When the subject of becoming a Private Preceptor myself first came up, I was shocked to discover that my immediate response was that it would mean closing the back door, that there would be no slipping away. I hadn't realised there was a door still open, but I still seemed to harbour a view - even though I was kalyana mitra to several people - that my spiritual life was somehow my own private affair and wouldn't affect anyone else. I think every Preceptor has somehow to come to terms with what it means to witness someone else's Going for Refuge while at the same time being aware of one's own imperfections. When I came to do my first private ordinations in 2001, Sanghadevi happened to be on the same retreat, so I went to her for a simple blessing before making my way to the private shrine-room. It was a significant moment: I was one of the first generation of women to be ordained by women, and was about to make her a spiritual grandmother.

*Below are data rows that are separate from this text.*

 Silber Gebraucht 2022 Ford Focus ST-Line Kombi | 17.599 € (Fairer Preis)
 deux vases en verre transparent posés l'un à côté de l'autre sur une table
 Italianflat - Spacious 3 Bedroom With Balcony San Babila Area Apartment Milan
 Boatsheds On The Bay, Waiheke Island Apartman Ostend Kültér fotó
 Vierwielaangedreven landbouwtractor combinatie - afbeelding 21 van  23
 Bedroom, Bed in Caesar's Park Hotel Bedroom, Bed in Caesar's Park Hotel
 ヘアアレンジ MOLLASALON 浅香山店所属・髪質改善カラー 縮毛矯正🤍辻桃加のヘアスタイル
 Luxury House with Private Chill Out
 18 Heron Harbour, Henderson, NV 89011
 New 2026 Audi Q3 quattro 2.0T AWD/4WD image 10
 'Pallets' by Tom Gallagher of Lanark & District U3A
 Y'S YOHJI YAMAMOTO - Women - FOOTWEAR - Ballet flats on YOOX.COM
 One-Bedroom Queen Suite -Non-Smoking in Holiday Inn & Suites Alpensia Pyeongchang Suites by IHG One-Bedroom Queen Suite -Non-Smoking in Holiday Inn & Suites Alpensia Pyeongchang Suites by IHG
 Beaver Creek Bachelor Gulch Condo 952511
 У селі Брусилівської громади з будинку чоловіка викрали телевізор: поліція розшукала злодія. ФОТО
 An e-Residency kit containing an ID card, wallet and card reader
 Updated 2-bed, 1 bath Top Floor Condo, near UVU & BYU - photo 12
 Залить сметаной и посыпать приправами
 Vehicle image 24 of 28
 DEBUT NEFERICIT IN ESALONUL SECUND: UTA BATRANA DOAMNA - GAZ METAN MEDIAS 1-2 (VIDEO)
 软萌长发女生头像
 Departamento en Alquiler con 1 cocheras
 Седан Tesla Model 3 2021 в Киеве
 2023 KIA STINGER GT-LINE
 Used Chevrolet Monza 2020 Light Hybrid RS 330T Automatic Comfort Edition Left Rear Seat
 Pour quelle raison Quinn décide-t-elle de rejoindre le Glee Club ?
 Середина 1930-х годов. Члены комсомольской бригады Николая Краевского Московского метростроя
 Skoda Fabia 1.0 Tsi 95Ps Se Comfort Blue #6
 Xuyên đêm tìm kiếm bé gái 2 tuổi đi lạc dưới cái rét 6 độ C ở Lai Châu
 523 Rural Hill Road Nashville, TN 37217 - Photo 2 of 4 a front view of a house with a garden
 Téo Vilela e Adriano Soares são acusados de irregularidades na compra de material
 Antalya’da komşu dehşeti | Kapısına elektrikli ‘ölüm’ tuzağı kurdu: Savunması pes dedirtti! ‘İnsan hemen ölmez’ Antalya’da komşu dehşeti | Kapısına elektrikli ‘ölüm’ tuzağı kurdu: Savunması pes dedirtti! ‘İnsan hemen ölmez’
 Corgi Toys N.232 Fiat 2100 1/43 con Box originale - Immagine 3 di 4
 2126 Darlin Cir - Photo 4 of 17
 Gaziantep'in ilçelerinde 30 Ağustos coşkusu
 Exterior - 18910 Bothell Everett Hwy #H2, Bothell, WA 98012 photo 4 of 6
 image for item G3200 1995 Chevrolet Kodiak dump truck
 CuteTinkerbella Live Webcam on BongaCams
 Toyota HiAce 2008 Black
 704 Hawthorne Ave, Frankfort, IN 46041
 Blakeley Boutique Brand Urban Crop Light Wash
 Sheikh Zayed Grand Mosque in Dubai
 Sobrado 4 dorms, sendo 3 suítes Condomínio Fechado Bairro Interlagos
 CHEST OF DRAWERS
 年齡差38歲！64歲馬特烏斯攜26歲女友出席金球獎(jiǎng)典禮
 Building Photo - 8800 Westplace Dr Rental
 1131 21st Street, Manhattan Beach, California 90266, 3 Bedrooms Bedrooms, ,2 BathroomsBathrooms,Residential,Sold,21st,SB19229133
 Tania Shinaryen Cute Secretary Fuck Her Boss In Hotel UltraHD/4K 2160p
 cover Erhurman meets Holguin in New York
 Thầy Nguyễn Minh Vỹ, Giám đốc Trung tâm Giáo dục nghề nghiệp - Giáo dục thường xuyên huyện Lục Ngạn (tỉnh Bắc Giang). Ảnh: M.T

Sitting waiting for the first person I was to ordain, I had a sense of having come full circle. In a way it was like being at my own ordination again, but being on the other side of the shrine I had that bit more experience. I had Bhante and Green Tara very strongly in mind, but then all I had to do was be as conscious as possible of the significance of what was taking place, which somehow meant that I was just playing my part in something that was much bigger than me.

What was it like to be told you were a Public Preceptor?

Dhammadinna took me for a walk, and halfway around the circuit she told me that she had something to say that she hadn't had to say before, and that it wasn't exactly a request! At that point I remembered that this was how she'd described her own appointment as Public Preceptor - as not being asked. Of course I immediately dismissed the thought as totally unlikely, but that's what it turned out to be.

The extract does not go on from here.